Depuis que je m’aventure à écrire sur la vie et l’art du Caravage — depuis qu’avec ce livre je me suis mis à chercher dans la matière de la peinture une vérité qui pourrait se dire —, je suis guetté par un mouvement qui abandonne mes phrases en même temps qu’il les appelle : elles semblent par­tir dans des directions qui m’échappent, et je ne les reconnais pas toujours ; mais je les laisse faire, car il me vient avec elles l’espérance qu’en se per­dant elles parviennent à s’éclairer d’une lumière qui n’est pas seulement raisonnable, à glisser vers je ne sais quoi de plus ouvert que leur sens, à entrer dans un pays plus inconnu encore que la poésie, où la vérité fait des apparitions étranges, comme s’il existait encore autre chose que la nuit et le jour, un temps qui échappe à leur contradic­tion, qui n’a rien à voir avec leur succession, qui défait le visible en même temps que l’invisible.

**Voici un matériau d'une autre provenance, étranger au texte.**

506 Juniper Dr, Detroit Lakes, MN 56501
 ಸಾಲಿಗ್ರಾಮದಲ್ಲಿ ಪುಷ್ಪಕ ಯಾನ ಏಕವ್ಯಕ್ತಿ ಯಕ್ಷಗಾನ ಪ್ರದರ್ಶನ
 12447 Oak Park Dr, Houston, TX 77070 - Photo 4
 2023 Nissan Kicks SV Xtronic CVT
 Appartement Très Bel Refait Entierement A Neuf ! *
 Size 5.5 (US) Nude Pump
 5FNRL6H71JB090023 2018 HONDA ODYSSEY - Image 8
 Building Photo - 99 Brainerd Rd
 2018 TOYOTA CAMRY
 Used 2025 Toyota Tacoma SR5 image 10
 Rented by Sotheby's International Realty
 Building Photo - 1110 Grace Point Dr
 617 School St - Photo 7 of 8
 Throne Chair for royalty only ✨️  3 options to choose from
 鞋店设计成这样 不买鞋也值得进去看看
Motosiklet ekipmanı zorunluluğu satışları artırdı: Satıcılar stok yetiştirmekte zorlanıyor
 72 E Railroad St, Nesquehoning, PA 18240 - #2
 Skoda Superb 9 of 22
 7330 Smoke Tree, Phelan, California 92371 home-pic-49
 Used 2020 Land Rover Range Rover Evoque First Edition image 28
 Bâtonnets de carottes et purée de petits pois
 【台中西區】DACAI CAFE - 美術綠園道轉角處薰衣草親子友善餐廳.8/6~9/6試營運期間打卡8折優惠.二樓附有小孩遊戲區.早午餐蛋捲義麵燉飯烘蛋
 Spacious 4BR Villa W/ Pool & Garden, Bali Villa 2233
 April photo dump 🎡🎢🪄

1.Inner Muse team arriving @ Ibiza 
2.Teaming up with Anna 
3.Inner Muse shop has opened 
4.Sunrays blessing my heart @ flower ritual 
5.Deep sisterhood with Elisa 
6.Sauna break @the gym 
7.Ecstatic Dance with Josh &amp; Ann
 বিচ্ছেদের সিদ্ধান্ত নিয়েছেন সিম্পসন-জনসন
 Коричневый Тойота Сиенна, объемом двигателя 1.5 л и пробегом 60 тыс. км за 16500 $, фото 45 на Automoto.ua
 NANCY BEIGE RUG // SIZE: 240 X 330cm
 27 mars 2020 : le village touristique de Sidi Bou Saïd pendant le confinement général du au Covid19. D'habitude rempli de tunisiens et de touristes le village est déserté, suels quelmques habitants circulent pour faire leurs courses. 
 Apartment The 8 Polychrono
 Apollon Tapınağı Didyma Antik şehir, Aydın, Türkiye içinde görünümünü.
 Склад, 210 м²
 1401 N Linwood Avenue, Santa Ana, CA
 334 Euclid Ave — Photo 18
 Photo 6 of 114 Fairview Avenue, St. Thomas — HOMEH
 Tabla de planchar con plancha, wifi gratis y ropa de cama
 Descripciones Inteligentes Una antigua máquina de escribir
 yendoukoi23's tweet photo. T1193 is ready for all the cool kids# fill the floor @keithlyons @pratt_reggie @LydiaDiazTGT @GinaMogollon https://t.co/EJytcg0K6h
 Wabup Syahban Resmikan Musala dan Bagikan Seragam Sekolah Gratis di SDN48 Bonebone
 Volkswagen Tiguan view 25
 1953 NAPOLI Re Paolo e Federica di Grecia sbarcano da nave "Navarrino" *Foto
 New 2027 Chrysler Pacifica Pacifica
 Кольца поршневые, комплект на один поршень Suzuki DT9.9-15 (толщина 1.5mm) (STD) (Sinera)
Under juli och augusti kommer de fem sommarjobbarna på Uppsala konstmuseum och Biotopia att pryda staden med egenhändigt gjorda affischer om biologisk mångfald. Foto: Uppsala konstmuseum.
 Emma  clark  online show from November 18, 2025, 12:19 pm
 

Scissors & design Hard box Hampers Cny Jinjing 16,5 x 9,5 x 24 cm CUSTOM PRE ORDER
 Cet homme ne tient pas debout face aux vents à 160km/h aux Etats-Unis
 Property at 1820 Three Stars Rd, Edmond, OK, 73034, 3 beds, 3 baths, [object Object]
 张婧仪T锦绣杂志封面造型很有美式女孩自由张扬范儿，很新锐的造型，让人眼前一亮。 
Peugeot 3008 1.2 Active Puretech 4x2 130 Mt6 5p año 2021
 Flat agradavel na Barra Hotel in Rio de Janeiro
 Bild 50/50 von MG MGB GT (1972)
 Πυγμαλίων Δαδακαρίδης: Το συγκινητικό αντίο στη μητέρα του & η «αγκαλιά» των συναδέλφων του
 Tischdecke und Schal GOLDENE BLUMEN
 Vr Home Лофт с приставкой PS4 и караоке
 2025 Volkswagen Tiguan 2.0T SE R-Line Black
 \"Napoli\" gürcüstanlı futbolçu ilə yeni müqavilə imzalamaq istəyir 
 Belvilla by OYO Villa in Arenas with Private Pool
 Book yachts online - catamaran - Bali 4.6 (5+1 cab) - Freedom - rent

La peinture a lieu ici, à ce point d’éclat où l’on ne s’appartient plus, où le Caravage échappe non seulement à ses bourreaux, à ses ennemis, aux chevaliers de l’Ordre, à la mort qui le condamne et prend chaque jour une forme différente, mais aussi à ses mécènes, à ses amis, à ses amours, à tous ceux qu’il connaît à Rome, à Malte, à Syracuse ou à Naples, à tous ceux qu’il ne connaît pas et dont il redoute les désirs et le ressentiment.
Là, le visible s’efface ; et ne dépend plus de rien, ni du temps ni de l’espace, ni des histoires personnelles ni d’aucune conception sur l’art. La peinture et le mystère se rejoignent, comme ils se sont rejoints un jour sur un mur de la grotte de Lascaux, comme ils continuent à coïncider par­ fois, follement, sans qu’on puisse savoir pourquoi ni comment.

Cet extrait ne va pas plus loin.